There is one day that is still vivid in my memory.  It's the reason I'm wrighting this post.  My OB’s office was as far as a drive for me as it could be.  I would travel to the bottom of the canyon then continue to drive an additional 20 minutes to the hospital.  During this time in our lives Brent would ride a bus to downtown Denver to save on gas and parking costs.  He would drive his car 10 minutes to a bus stop, take a bus down the canyon then into downtown, ride a trax system 6 blocks then walk two blocks to his office.  There was only a morning bus and an evening bus.  On this particular day, I called to let Brent know I was going to a doctor’s appointment, and he asked if I could drive to downtown to pick him up because he would be finished with his work early.  In good traffic this would add an hour to my commute back home, but I loved the idea of Brent returning home with me instead of late at night like usual, so I set out to downtown.  About halfway there the traffic completely stopped.  Parker was full blown screaming at this point and there had to have been at least another two hours ahead of me.  I had no other choice but to cut across town and head back to the mountains without getting Brent.  By time I reached the mouth of the canyon, Parker’s screaming was still building momentum and I had a good 40 minutes ahead of me.  My nerves were absolutely shot and I was beginning to become unraveled.  All I wanted, dreamed of, and prayed for, was to move off that treacherous mountain.  It was so beautiful the first two years we lived there without children.  Even though the drive was long it was pleasant and peaceful.  But as soon as I had to drive back and forth with a stubborn, moody infant with his relentless screams in the back seat the drive was bondage. I didn’t even notice the beauty all around anymore.  It was like a chain was wrapping around me, suffocating and overwhelming me.   I felt a panicked anxiety in the center of my chest that was brewing into anger and I finally lost it. 

                I started screaming at the top of my lungs and yelling at God.  We had always been so faithful to Him and this was unfair.  How could I have another child in that tiny condo that was only big enough for two?  We were about to become a family of four!  How could I add another screaming child to that drive and mentally survive it? How could we all be safe in the blizzards that plagued the mountain each winter?  How could I handle being so isolated and alone when life was so overwhelming, when I needed friends and support?  It all came out.  I had never lectured God before and my screaming and whaling only frightened Parker and made him cry louder.  I finally got to a point that I could breath instead of scream.  I waited a minute, forcing myself to calm down.  I began to pray again.  I asked for forgiveness then I asked for help to calm down.  I don’t know how it was possible to hear the whispering of the Holy Ghost in that crazed state of mind, but I felt prompted to turn on the local Christian station. The first words that came out of the radio were “I love you, I love you, I want you to know that I love you.  I’ll never let you go. No, no.  And I’ll be by your side where ever you fall.  In the dead of night whenever you call, please don’t fight these hands that are holding you.  My hands are holding you.”  I was stunned into silence. I began to weep. I wrapped my arms around the steering wheel as I slowly moved back and forth on the winding mountain road.  I don’t even remember hearing the crying any longer. Maybe Parker finally stopped, but it was just me and my Father in Heaven and He was telling me how much he loved me.   It was as if the steering wheel had become the chest of God for me to rest on and a peace settled upon me. 

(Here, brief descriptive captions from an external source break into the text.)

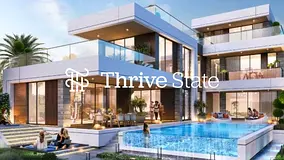 Spacious 5BR Villa | Park View | Beach Access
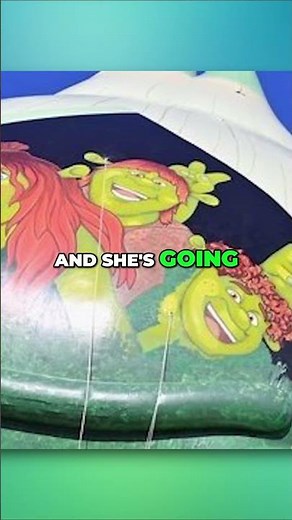 FIRST LOOK AT FERGUS AND FARKLE IN SHREK 5! 🤩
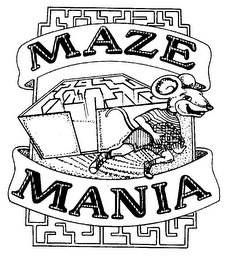 MAZE MANIA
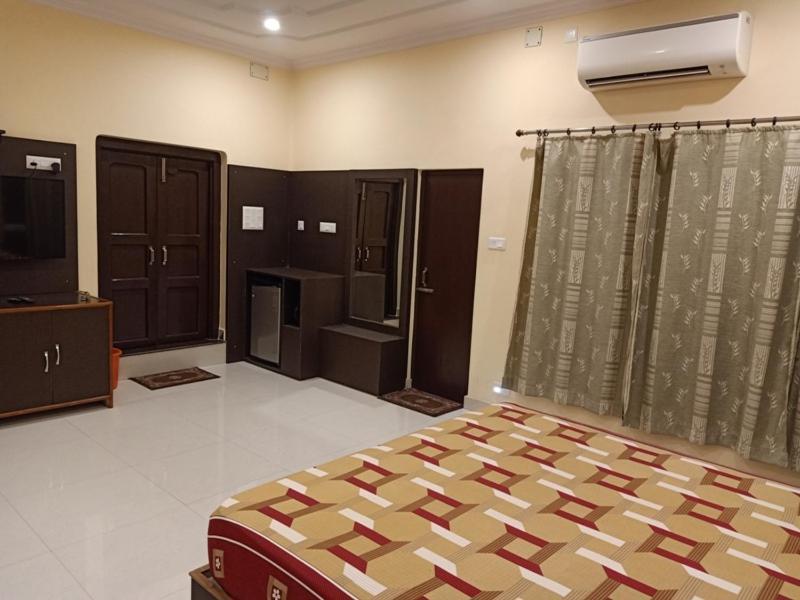 Scindhia Guest House Varanasi Dış mekan fotoğraf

Our young little family continued to live in that condo an additional year and a half before Brent was out of work and we lost it.  Those were some of the darkest and loneliest times in my life.  I didn’t  know that day that things were going to get so much worse for our family before it got better. But, a God in Heaven had spoken to me and gave me a renewed strength.  I downloaded that song and over the last eight years I’m sure I’ve listened to it over a thousand times.  When my sanity is slipping or my doubt is high I turn it on and listen to Heavenly Father tell me all over again how much He loves me.  It gives me brighter hope and greater strength to never give up no matter what life is putting us through. 

Here is the link to the song  By Your Side, 10th Avenue North

Sunday, October 4, 2015

“The Price We Pay To Become Acquainted With God”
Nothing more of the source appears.